**REQUIRED ACTION**: Reproduce, exactly and in full, the lines from the one with "persons hand on water" through the one with "Easter composition with" in the data below; drop pictures.

**TASK INPUT**:
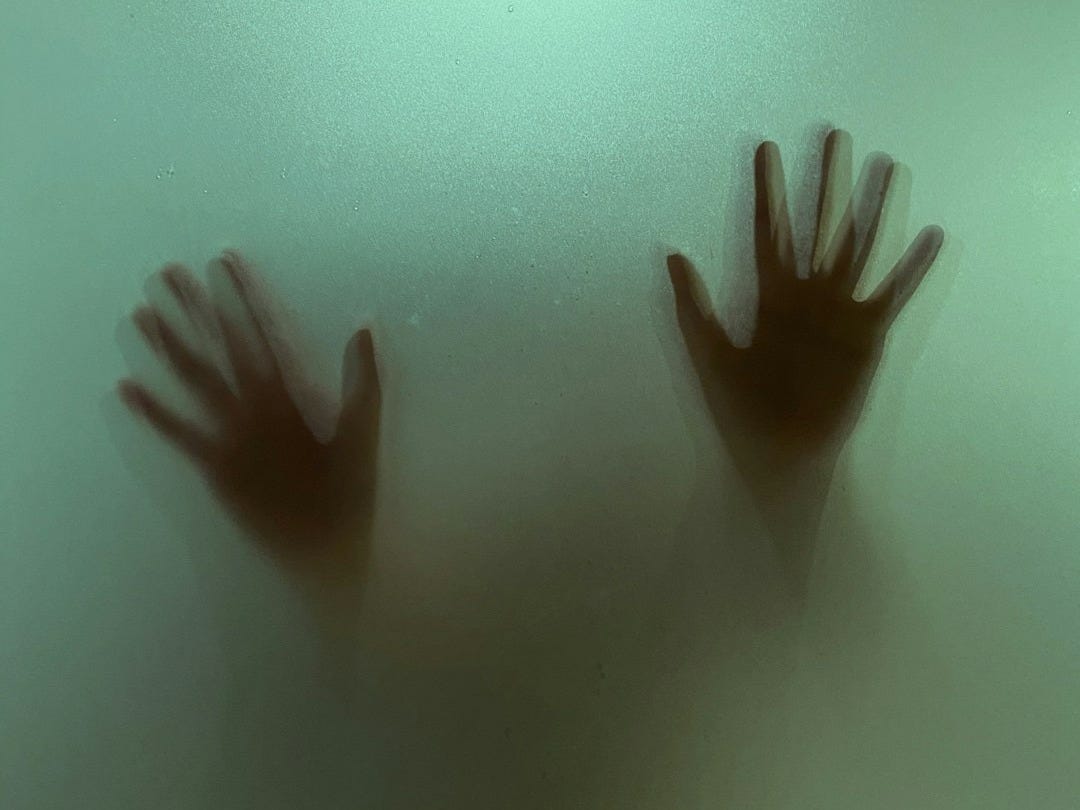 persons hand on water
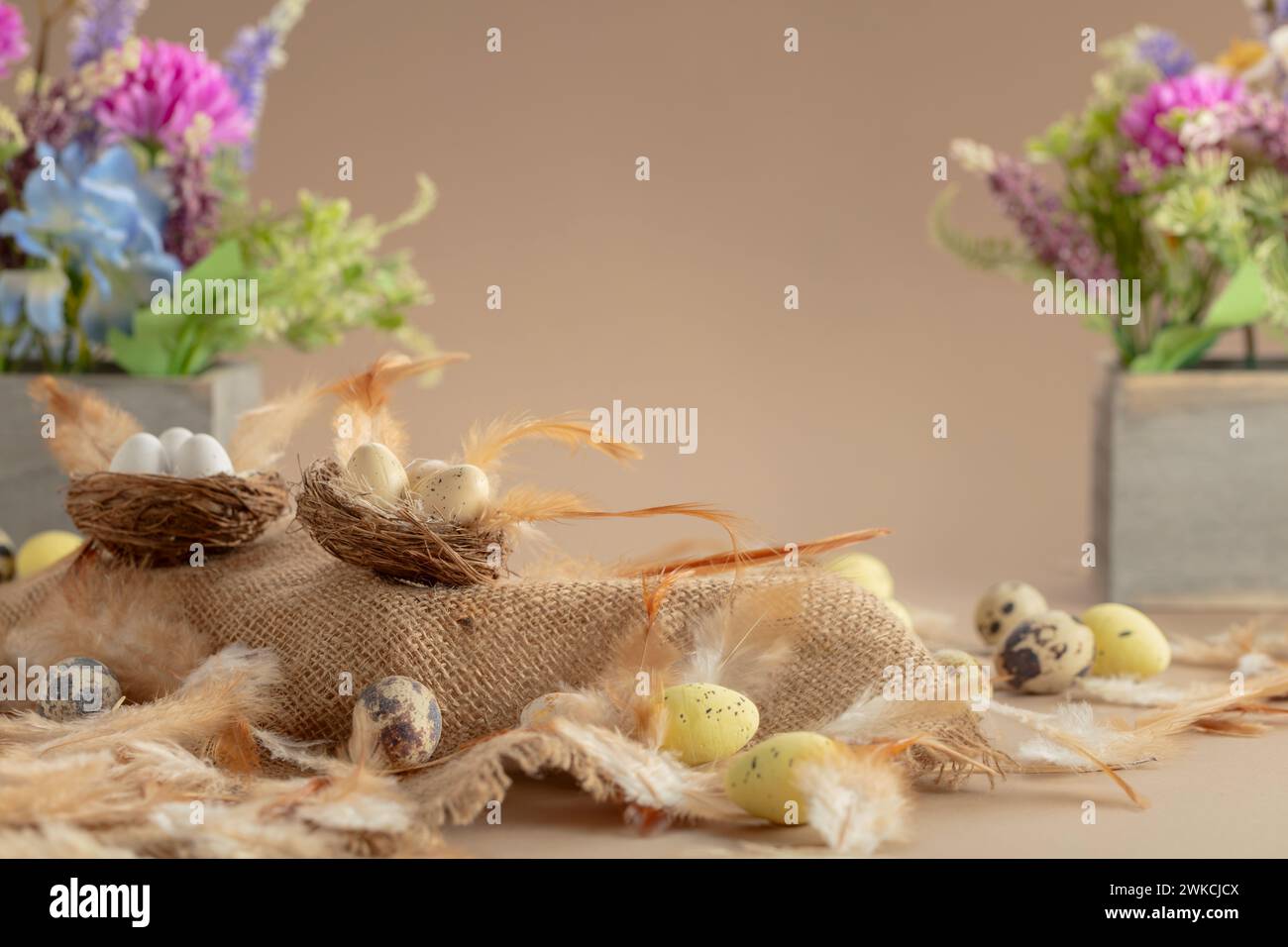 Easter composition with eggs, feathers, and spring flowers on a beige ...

* * *

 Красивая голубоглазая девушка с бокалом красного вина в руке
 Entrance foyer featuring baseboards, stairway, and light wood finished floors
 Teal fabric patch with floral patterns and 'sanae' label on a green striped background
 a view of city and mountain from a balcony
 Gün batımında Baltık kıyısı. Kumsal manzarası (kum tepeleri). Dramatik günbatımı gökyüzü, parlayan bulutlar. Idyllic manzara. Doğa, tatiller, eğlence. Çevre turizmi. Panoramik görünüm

* * *

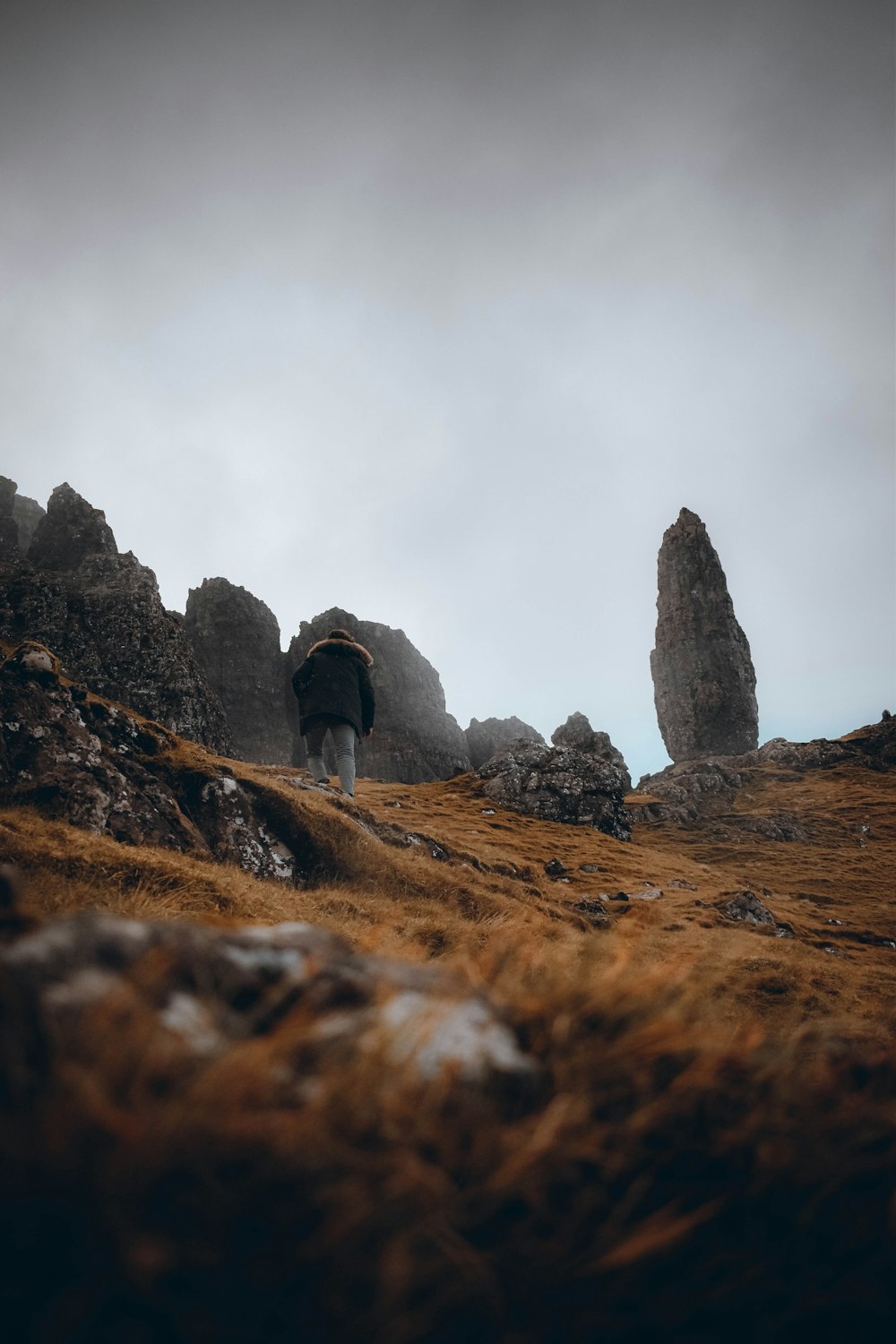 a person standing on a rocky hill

**TASK RESULT**:
 persons hand on water
 Easter composition with eggs, feathers, and spring flowers on a beige ...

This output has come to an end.